Given that $\arctan \left( {\frac{1}{5}} \right) + \arctan \left( {\frac{1}{8}} \right) = \arctan \left( {\frac{1}{p}} \right)$, where $p \in {\mathbb{Z}^ + }$, find p.

Hence find the value of $\arctan \left( {\frac{1}{2}} \right) + \arctan \left( {\frac{1}{5}} \right) + \arctan \left( {\frac{1}{8}} \right)$.

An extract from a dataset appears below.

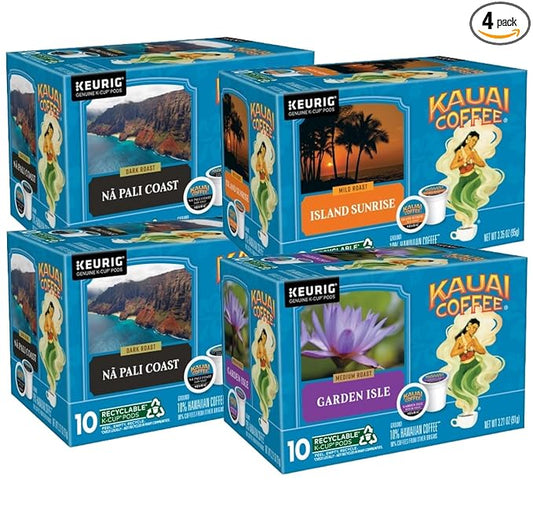 Kauai Coffee K-Cup Pods for Keurig Brewers – Arabica Coffee, 10% Hawaiian – Mild, Medium and Dark Roast, Rich, Smooth, No Bitterness – Three Flavors, 4 Packs of 10 Single Serve K-Cups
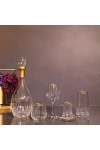 61 Parça 12 Kişilik Çubuk Gold El Dekor Kesme Cam Su Takımı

attempt at use of $\tan (A + B) = \frac{{\tan (A) + \tan (B)}}{{1 - \tan (A)\tan (B)}}$     M1

$\frac{1}{p} = \frac{{\frac{1}{5} + \frac{1}{8}}}{{1 - \frac{1}{5} \times \frac{1}{8}}}{\text{ }}\left( { = \frac{1}{3}} \right)$     A1

$p = 3$     A1

Note: the value of p needs to be stated for the final mark.

[3 marks]

$\tan \left( {\arctan \left( {\frac{1}{2}} \right) + \arctan \left( {\frac{1}{5}} \right) + \arctan \left( {\frac{1}{8}} \right)} \right) = \frac{{\frac{1}{2} + \frac{1}{3}}}{{1 - \frac{1}{2} \times \frac{1}{3}}} = 1$     M1A1

$\arctan \left( {\frac{1}{2}} \right) + \arctan \left( {\frac{1}{5}} \right) + \arctan \left( {\frac{1}{8}} \right) = \frac{\pi }{4}$     A1

[3 marks]

Those candidates who used the addition formula for the tangent were usually successful.

Some candidates left their answer as the tangent of an angle, rather than the angle itself.